In case you missed it: 19-year-old Biles — who won four gold medals (and the hearts of millions) at Rio 2016 — has often expressed her affinity for a good slice, even saying she eats it after every gymnastics meet.
“It doesn’t even matter if I don’t win a self-gold, after every meet I have pizza. Pepperoni pizza,” she told ABC News. It's a fixture on her social media feeds, the gymnast once tweeting, "there's no 'we' in pizza."
A pizza partnership, then, seems like an exceedingly obvious fit. Slate even put out hypothetical odds for which chain would win the Biles sweepstakes of sorts (Sbarro was last at 500/1, Papa John's first at even money). Digiorno, the make-it-at-home pizza brand, perhaps betraying a bit of thirst, even tweeted at Biles.
But brands love working with athletes who already love their product. For one: there's a built-in story to sell. It's a great selling point and in the marketing parlance it's easier to "activate" the deal.
"Clients are very, very attracted to the idea that athletes use the product without being paid for it," Jonathan Jensen, a consultant and sports marketing professor at University of North Carolina, Chapel Hill, told IBT. Jensen spent a decade brokering athlete endorsement deals for brands and said "there's no more tried and true strategy for agents" than to pitch brands on the idea that the athlete already uses the product. It's often a closer of sorts, but can also provide the initial spark for deals.
Think the NFL's Marshawn Lynch's long-held affection for Skittles turning into the now-retired running back peddling candy.
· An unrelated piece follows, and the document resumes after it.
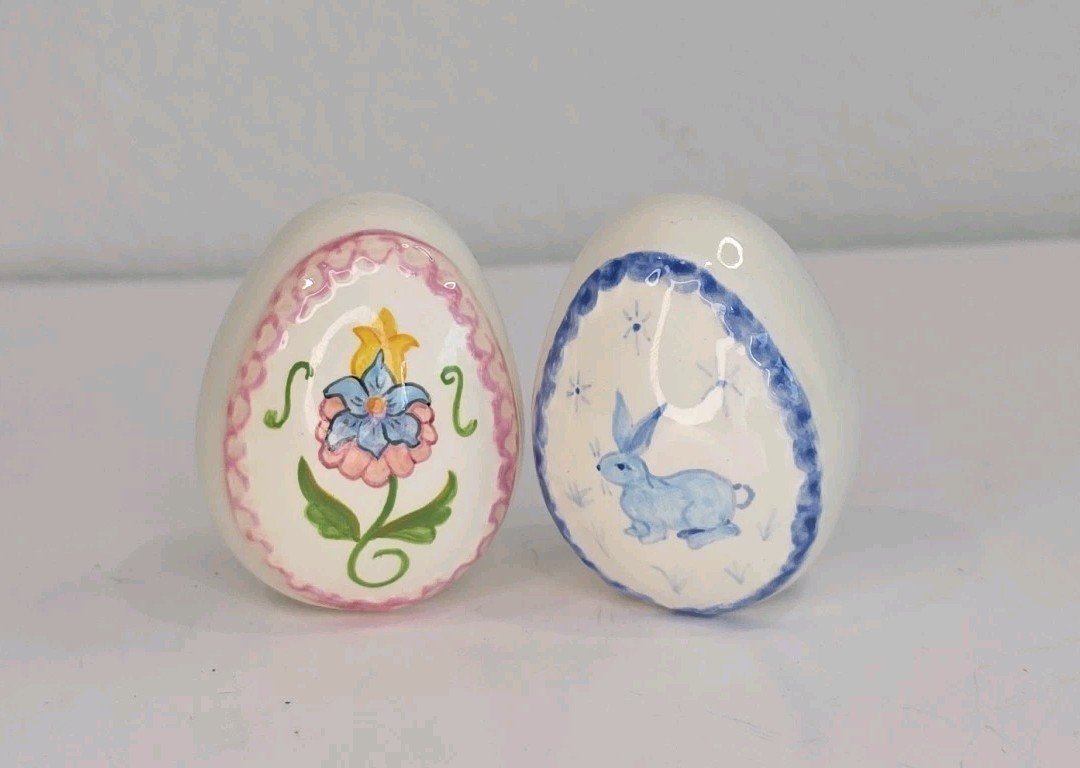 Vtg Set Of 2 Ceramic Signed Budwell Hand Painted Eggs 000071007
The Los Angeles Dodgers' Clayton Kershaw apparently ate Subway sandwiches before games for years before the company brought him on.
There are some challenges for Biles joining up with a pizza brand. As an elite gymnast, she's perhaps one of the most fit people on the planet, and pizza isn't exactly for calorie-counters. The most famous athlete to pitch pizzas, now-retired NFL Peyton Manning, was a great quarterback, but doesn't exactly have an Adonis-esque build.
"The question is when you have an incongruent pairing like Marshawn Lynch with skittles or an elite gymnast with pizza, how do you make that work?" Jensen said. The answer often lies in a bit of creativity. Manning's pizza chain of choice, Papa John's, has brought on Houston Texan J.J. Watt — who's built like an F-350 — and they've used him differently. And Elite athletes have long endorsed fatty foods they probably eat once a year. Challenges can be overcome: New Orleans Saints quarterback Drew Brees shilled for a motorcycle he was contractually forbidden to ride.
Due to the infamously restrictive Olympic advertising rules, there's a blackout on non-official Olympic sponsors using the games for promotional material until Aug. 24. Biles might be ready to lock-up brands as soon as possible, since the Olympic glow can often be short-lived. She's already appeared in commercials for major products like Hershey's chocolate and Tide detergent.
Biles' Rio performance, which largely lived up to outsized expectations for the multi-time world champion, only adds to her value as an endorser.
"She's only 19 years old," Jensen said. "There are a lot of possibilities in the future for her."